We analyzed sequence identity of the first and second shell residues around the common functional sites compared to the rest of the residues. We defined the first shell residues as those within a distance of 5 Å of a known functional residue. The second shell residues were defined as the group of residues within 5 Å from the first shell residues. Sequence similarity scores were calculated using a PAM-250 matrix with the gap penalty of −11. We found that the first and second shell residues showed higher sequence similarity (Figure S6). Among the 471 structure pairs of membrane and soluble proteins, 412 structure pairs have higher sequence similarity at the first and second shell residues than other regions (Table S3). For example, the first and second shell residues around common functional sites of envelope structure-factor (1BHY) and bovine heart phosphotyrosyl phosphatase (1PNT) have higher sequence similarity than the rest of the residues (Figure S7A). The first and second shell residues of functional sites have a sequence similarity score of 123, whereas other residues have a sequence similarity score of 51.3. Also, the first and second shell residues of the functional sites of penicillin-binding protein (1K25) and Oxa-10 β-lactamase (1E4D) had higher sequence similarity than the rest of the residues (Figure S7).

We compared the functional annotations of membrane and soluble protein domains that share conserved functional residues. We discovered that 41% (28) of membrane protein domains share same the functional annotations with soluble domains and 31% (21) of membrane protein domains do not have functional annotation (Figure S8). Thus, these membrane protein functions can be inferred from the functional annotation of soluble proteins. But, 26% (18) of membrane protein domains turned out to have ambiguous functional annotations whose annotation were dissimilar but somewhat related. For example, membrane protein 1NRF has been annotated as beta-Lactamase/D-ala carboxypeptidase and soluble counterpart 2G2U has been annotated as beat-lactamase-inhibitor protein. We provide the list of functional annotation of membrane and soluble protein domains that share common functional residues (Table S4)

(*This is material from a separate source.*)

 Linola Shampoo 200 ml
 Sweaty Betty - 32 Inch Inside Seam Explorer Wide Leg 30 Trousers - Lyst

We examined how frequently shared domains between membrane and soluble proteins were found from same SCOP folds. Of 87 structurally similar domains, 60 (68.9%) extramembrane domains and soluble protein domain shared same SCOP folds, whereas 27 (31.1%) domains appeared in different SCOP folds (Figure S9A and Table S5). The number of fold types annotated for membrane proteins is much smaller than that of soluble proteins (Figure S9B). Specifically, structural pairs that share same SCOP fold were usually found from the extramembrane regions of membrane proteins. Meanwhile, structural pairs with different SCOP folds were mostly found from fold annotations assigned to whole membrane protein structures including both transmembrane and extramembrane regions.

We examined what kinds of membrane protein functions can be inferred from our work and to what extent. We classified membrane protein functions into 3 large families, such as receptors, transporters and enzymes, and divided into 16 sub families. We found that extramembrane domains shared between membrane and soluble proteins were mainly found from the enzyme family. Specifically, about 50% of the enzyme family of membrane proteins shares extramembrane domains with soluble counterparts, whereas less than 25% of the receptor family shares extramembrane domains with soluble counterparts (Figure S10). It suggests that function of membrane proteins in the enzyme family can be more likely inferred from the structural comparisons with soluble counterparts.

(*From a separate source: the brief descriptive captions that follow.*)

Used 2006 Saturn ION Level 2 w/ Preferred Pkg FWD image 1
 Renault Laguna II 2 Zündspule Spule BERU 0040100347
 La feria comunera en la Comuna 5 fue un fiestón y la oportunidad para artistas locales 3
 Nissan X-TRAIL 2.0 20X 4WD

Structure-guided sequence alignment of membrane and soluble proteins

The results described above indicate that membrane and soluble proteins extensively exchange domains and that soluble domain annotations can be useful for suggesting functions of the membrane domains. There are relatively few membrane protein structures, however, and the vast majority of structurally related proteins show little detectable sequence similarity. We therefore sought to expand the utility of the soluble domain structure database using both sequence and structural information.

To detect distant relationships that are not apparent by sequence similarity alone, we employed the secondary structure element alignment method (SSEA) [16]. To test the effectiveness of the SSEA method for detecting distant relationships and to identify appropriate cutoffs, we generated training sets. A positive set included 923 similar membrane and soluble protein structures with less than 5 Å RMSD and sequence identity ranging from 5 to 15%. The negative set included 210 dissimilar structure pairs with greater than 10 Å RMSD and sequence identity ranging from 5 to 15%. As shown in Figure 6A and 6B, the SSEA method can effectively separate the two training sets at an SSEA score of 50 (P-value<1.0×10−100) [16]. Moreover, we calculated the probability of finding structure pairs with RMSD<5 Å and discovered that it was dramatically increased over SSEA score 50 (Figure S11). Thus, the SSEA method can allow us to detect many more relationships than would be possible by sequence similarity alone.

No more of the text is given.